Published 6 Dec 2024 in cs.LG, cond-mat.dis-nn, and stat.ML | (2412.05418v1)

Abstract: Given a budget on total model size, one must decide whether to train a single, large neural network or to combine the predictions of many smaller networks. We study this trade-off for ensembles of random-feature ridge regression models. We prove that when a fixed number of trainable parameters are partitioned among $K$ independently trained models, $K=1$ achieves optimal performance, provided the ridge parameter is optimally tuned. We then derive scaling laws which describe how the test risk of an ensemble of regression models decays with its total size. We identify conditions on the kernel and task eigenstructure under which ensembles can achieve near-optimal scaling laws. Training ensembles of deep convolutional neural networks on CIFAR-10 and a transformer architecture on C4, we find that a single large network outperforms any ensemble of networks with the same total number of parameters, provided the weight decay and feature-learning strength are tuned to their optimal values.

Abstract PDF HTML Chat (Pro)

Summary

The paper demonstrates that under a fixed parameter budget, a single large model tuned with ridge regression minimizes test risk compared to ensembles.
The paper derives scaling laws that quantify how model size impacts performance, revealing diminishing ensemble benefits at optimal tuning.
The paper validates its theory with experiments on CIFAR-10 and MNIST, showing that a singular, well-tuned model consistently outperforms ensemble predictors.
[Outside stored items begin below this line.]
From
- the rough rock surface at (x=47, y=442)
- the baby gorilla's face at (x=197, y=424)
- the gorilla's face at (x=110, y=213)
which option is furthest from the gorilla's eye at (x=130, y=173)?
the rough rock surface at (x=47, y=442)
No Free Lunch from Random Feature Ensembles

The paper under discussion provides a comprehensive examination of the trade-offs between ensemble size and model dimensionality within the framework of Random-Feature Ridge Regression (RFRR). The authors rigorously explore the fundamental question of whether ensembles offer tangible benefits under a fixed parameter budget and derive substantial theoretical insights applicable to both random-feature models and deep learning paradigms. The salient conclusion is that the optimal performance – as measured through test risk – is achieved with a solitary model utilizing all available parameters, contingent upon optimal tuning of the ridge parameter. This work challenges the conventional wisdom surrounding ensembles by categorically stating that for fixed total parameter budgets, larger models outperform ensembles when model hyperparameters are optimally configured.
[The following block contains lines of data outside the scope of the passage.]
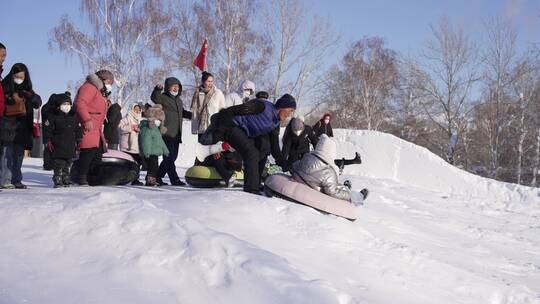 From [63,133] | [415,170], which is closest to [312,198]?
[63,133]

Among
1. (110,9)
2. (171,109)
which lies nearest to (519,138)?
(110,9)

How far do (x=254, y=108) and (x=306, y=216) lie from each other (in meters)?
1.47

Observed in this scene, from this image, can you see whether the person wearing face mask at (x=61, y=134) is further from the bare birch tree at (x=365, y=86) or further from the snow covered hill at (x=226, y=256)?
the bare birch tree at (x=365, y=86)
Core Contributions and Findings

Model Ensemble Trade-offs: The authors address the critical trade-off that exists between the number of predictors and the size of each predictor in model ensembles, particularly for RFRR. They establish that given a fixed total parameter count, a large, singular model is superior to any ensemble of smaller models in terms of minimizing error.
Scaling Laws: To elucidate the relationship between model size and error, the paper derives scaling laws that describe the behavior of RFRR ensembles under source and capacity constraints. These scaling laws delineate regimes in which ensembles can attain near-optimal performance, yet they concretely affirm the primacy of a single large model at optimal tuning settings.
Empirical Verification: Extensive experiments on RFRR models applied to CIFAR-10 and MNIST datasets validate the theoretical predictions. The analysis underscores how the performance of larger singular models consistently surpasses that of any ensembles when constrained by total parameter size and appropriately tuned.
Deep Learning Generalization: Through analogy with deep convolutional neural networks and transformers, the authors extend their findings to conventional deep learning models, demonstrating empirically that singular large networks outperform ensembles of smaller networks in computer vision and language modeling tasks when hyperparameters, such as weight decay and richness, are tuned optimally.
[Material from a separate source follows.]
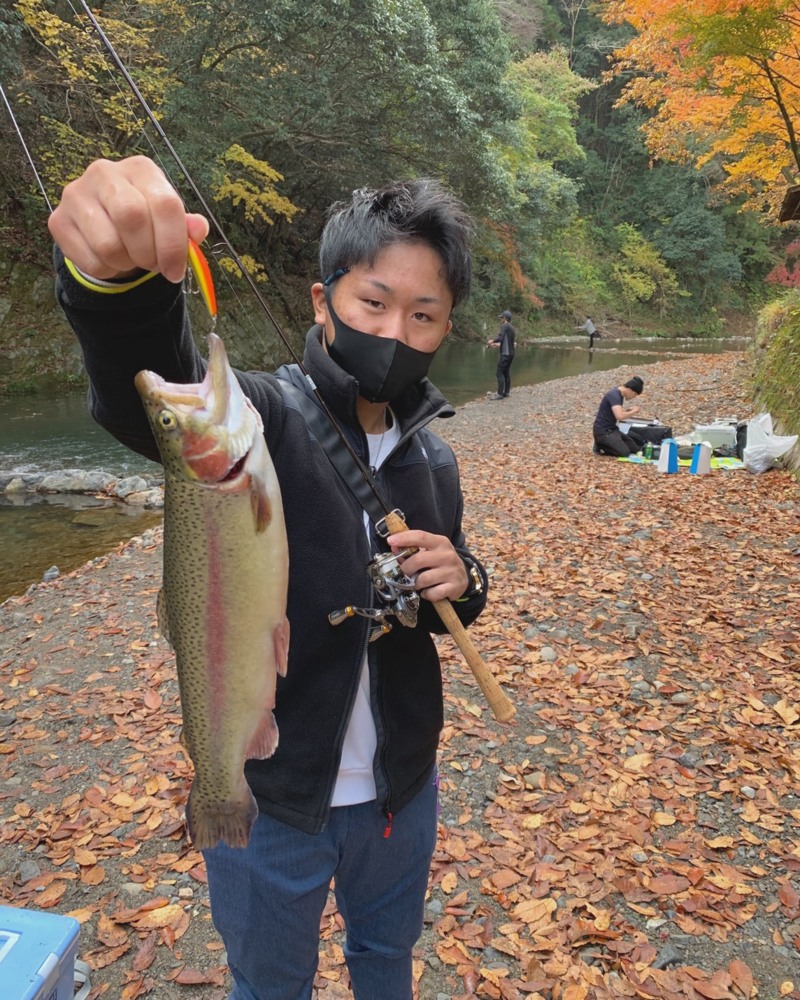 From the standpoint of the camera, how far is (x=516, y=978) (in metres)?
2.96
Theoretical and Practical Implications

Theoretically, this paper contributes to our understanding of variance in learned models and the implications of resource allocation within ensembles. The reach of the "no free lunch" theorem highlights the importance of hyperparameter tuning and echoes the broader narrative that increasing individual model complexity is more performance-effective than leveraging ensembles when parameter budgets are stationary.

Practically, the results offer guidance on model selection strategies, resource allocation, and architecture design in machine learning applications. The assertion that single large models should be preferred under a budget constraint promotes focusing computational resources and energies toward optimizing singular model configurations.

Future Directions

The prospects for extending these models to include feature learning are addressed, hinting at future work focused on feature-learning dynamics and its effects on ensemble performance. Additionally, there is fertile ground for exploring heterogeneous ensemble strategies where task specialization among sub-networks may break the constraints outlined in this work.

In conclusion, this paper presents a thorough analysis of feature ensembles, providing valuable insights into the dynamics of model variance and parameter efficiency. The "no free lunch" theorem posited serves as a clarion call to the machine learning community for reevaluating ensemble practices in light of optimal model utilization.